It was in the New 52 that the idea of Zeus being her parent arose, and it was in the New 52 that this idea bombed.  I briefly recapped this in my very first review ever for The Fandomentals, where this storyline was so antithetical to Diana’s character that I had to stop reading the series.  Greg Rucka relaunched this series in Rebirth with a single cohesive storyline specifically designed to undo the damage to her mythos, explaining away what he could, and bringing it all into line.  To have it all undone like this, to reintroduce background and story elements that were deliberately removed because they don’t work, is either ignorance or arrogance.

Either James Robinson never bothered to read what came before in this series, or else he read it and decided that he knew better than the author who single-handedly crafted this iteration of the character.

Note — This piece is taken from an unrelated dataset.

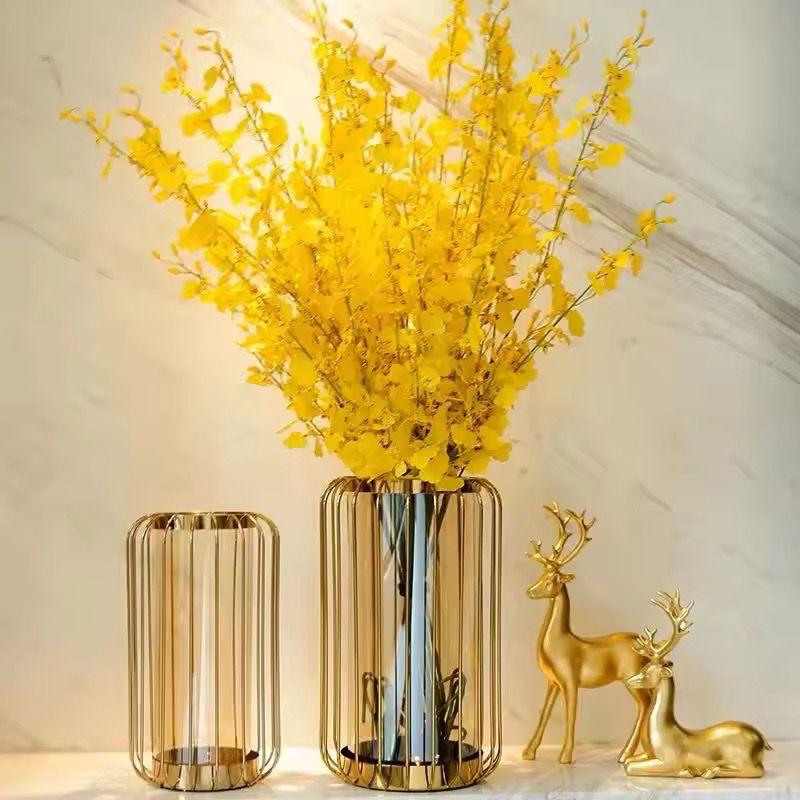 Nordic Metal Bird Cage Glass Flower Vase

Either way, they are bringing this series right back to the continuity they fought so hard to escape.

The little bit they got right

What this issue did manage to do well, especially compared to the preceding comic, is make it Diana’s story.  Despite including a lot of Steve’s backstory, and being about her search for information about Hercules, it is at least her search for information.  Since the very title of the series is Wonder Woman, it is appropriate that she be the central figure, and they brought that back at least.

They also featured the Oddfellows, who are comic adaptations of the supporting cast from the live-action Wonder Woman film.  They had been introduced a few weeks ago in a special one-shot comic, but now they’re in the official self-titled Wonder Woman series.  As somebody who enjoyed the live-action film (I didn’t LOVE it, but I enjoyed it), I liked seeing them pop into the comic as well.